One of the biggest decisions you’ll make when starting an online store is how to accept payments. Processing fees, security requirements, and payment options all play a role in creating a checkout experience that keeps customers coming back.
Non-cash transactions are expected to exceed 2.5 trillion globally by 2028, so the ecommerce payment processing system you choose is more important than ever.
This complete 2026 guide to ecommerce payment processing breaks down how online payments work, what fees to expect, and how to choose the right provider for your business. It will also explore how GoDaddy Payments makes it simple to accept payments online, in person, and on the go while keeping transactions secure and easy to manage.
What is ecommerce payment processing?
Ecommerce payment processing is the system that moves money from a customer’s account to a business’s account when a purchase is made online. It securely verifies the transaction, transfers the payment, and confirms that the funds are approved.
There are multiple entities involved in this process, including the customer, the merchant, the customer’s bank, the merchant’s bank, the payment processor, and the payment gateway.
The evolution of online payments
Online payments have changed significantly since the early days of ecommerce. Early online stores relied primarily on basic credit card forms and manual verification, which often led to delays and security concerns.
Modern ecommerce payment systems support credit cards, debit cards, digital wallets, and alternative payment methods. They also use advanced security protocols, such as encryption, tokenization, and fraud monitoring.
Ecommerce vs. in-store payment processing: Key differences
Ecommerce and in-store payment processing follow similar paths for moving funds, but the technology involved is different. In-store payments typically rely on physical card readers, chip technology, or tap-to-pay systems. Ecommerce payments occur entirely online and rely on payment gateways, secure checkout pages, and digital verification tools to process transactions securely.
Understanding the ecommerce payment ecosystem
Ecommerce payment processing works through a network of interconnected systems and financial institutions. Each online transaction involves several parties working together, including the customer, the merchant, the payment processor, the payment gateway, and the banks responsible for approving and transferring funds.

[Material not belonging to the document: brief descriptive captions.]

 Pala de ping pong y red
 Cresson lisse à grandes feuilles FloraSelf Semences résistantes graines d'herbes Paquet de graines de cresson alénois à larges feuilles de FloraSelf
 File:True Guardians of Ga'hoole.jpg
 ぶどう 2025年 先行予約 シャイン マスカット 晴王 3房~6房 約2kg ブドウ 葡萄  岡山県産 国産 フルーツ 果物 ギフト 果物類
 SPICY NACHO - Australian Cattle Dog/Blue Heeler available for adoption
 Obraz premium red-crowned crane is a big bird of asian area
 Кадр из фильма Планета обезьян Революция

A payment gateway is the secure bridge between a business’s website and the payment processor. It collects the customer’s payment details at checkout, encrypts them, and sends them to the processor for authorization. Once the customer’s bank approves the transaction, the gateway returns the confirmation so the purchase can be completed.
Complete breakdown: How ecommerce payment processing works
Ecommerce payment processing may feel instant to shoppers, but a complex process begins behind the scenes as soon as they click “Pay Now” or “Complete Purchase.”

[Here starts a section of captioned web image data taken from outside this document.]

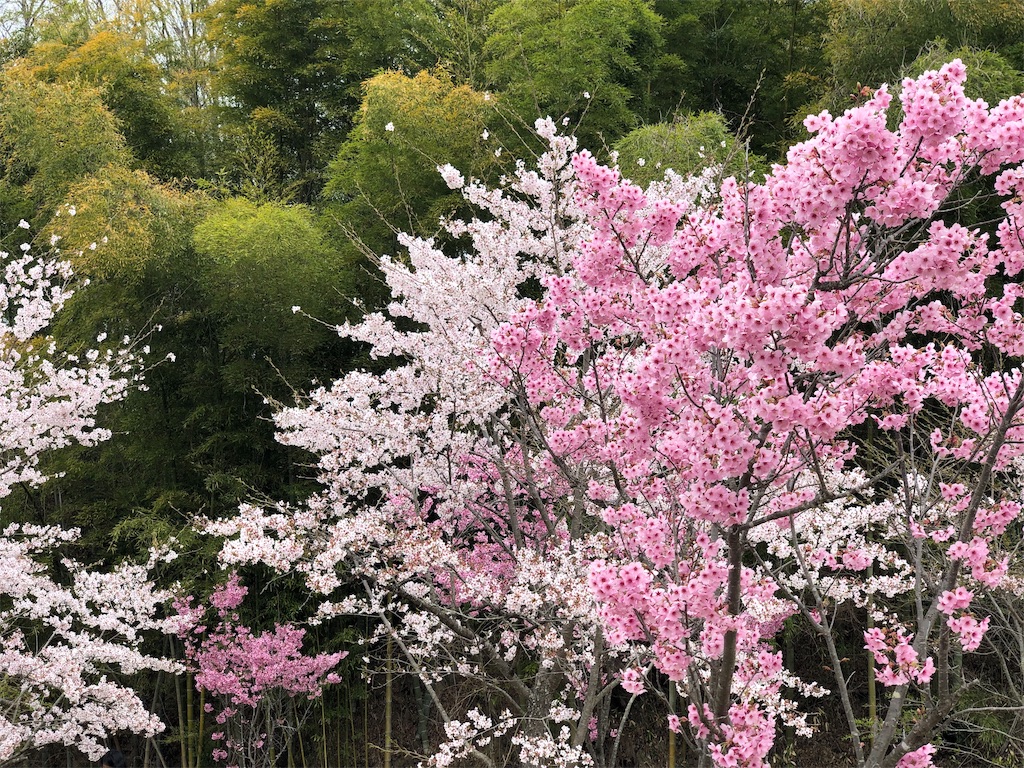 f:id:genko-library:20190422054136j:image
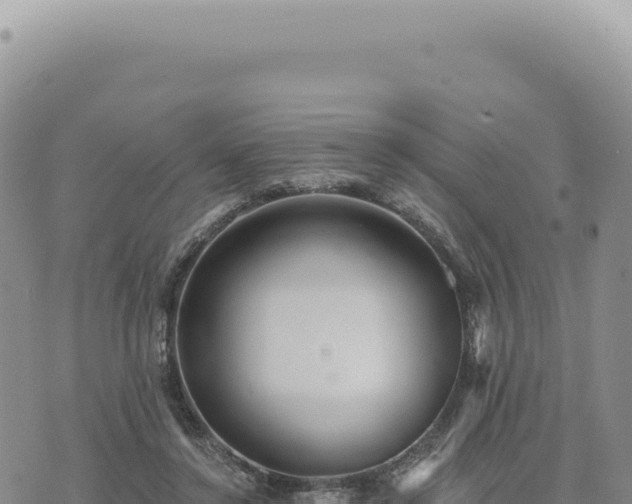 X0000073710356200608101844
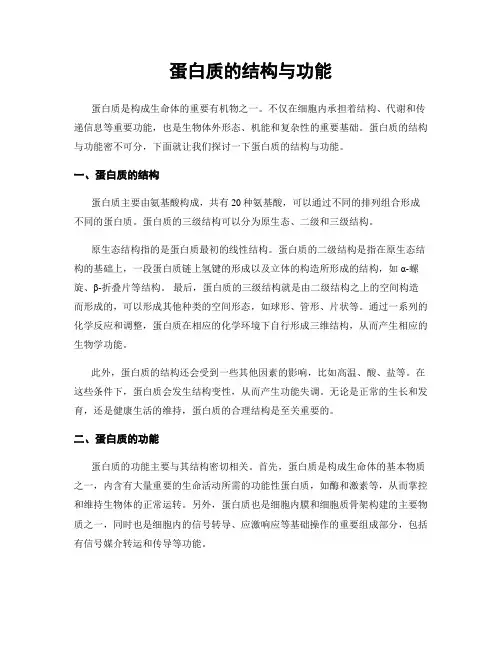 蛋白质的结构与功能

If you haven’t created your ecommerce website yet, try out GoDaddy’s online store builder! It’s a hassle-free way to get your business up and running.
Let’s take a closer look at how accepting payments online works.
Step 1: Customer initiates checkout
The process begins when a customer completes checkout on your website and submits their payment information. This usually happens through a secure checkout page built into your ecommerce platform or online store. These pages use HTTPS to protect sensitive data while it travels across the internet.
Step 2: Payment data encryption and transmission
Once the payment information is submitted, it is immediately encrypted using SSL/TLS protocols. This encryption prevents payment details, such as card numbers, from being intercepted and occurs automatically.
Step 3: Payment gateway routes the request
After the data is encrypted, the payment gateway securely sends the transaction request to the payment processor. The gateway ensures payment data is transmitted safely between your ecommerce website and the payment processor.
Step 4: Processor validates transaction details
The payment processor then reviews the transaction and performs verification checks. These can include confirming the card number format, matching the CVV code, running address verification (AVS), and screening the transaction for potential fraud.
Step 5: Issuing bank approves or declines
The transaction is then sent through the card network to the customer’s issuing bank. The bank checks the account status, verifies that enough funds or credit are available, and evaluates potential fraud signals before approving or declining the payment.
Step 6: Authorization response returns
The bank’s decision travels back through the card network to the processor, then to the payment gateway, and finally to the merchant’s website. If approved, the purchase is confirmed, and the order can proceed.
Step 7: Funds settlement to merchant account
Authorization confirms that the payment is valid, but the actual transfer of funds occurs during settlement. Approved transactions are typically grouped into batches and processed later. Funds move from the issuing bank through the card network to the merchant’s acquiring bank.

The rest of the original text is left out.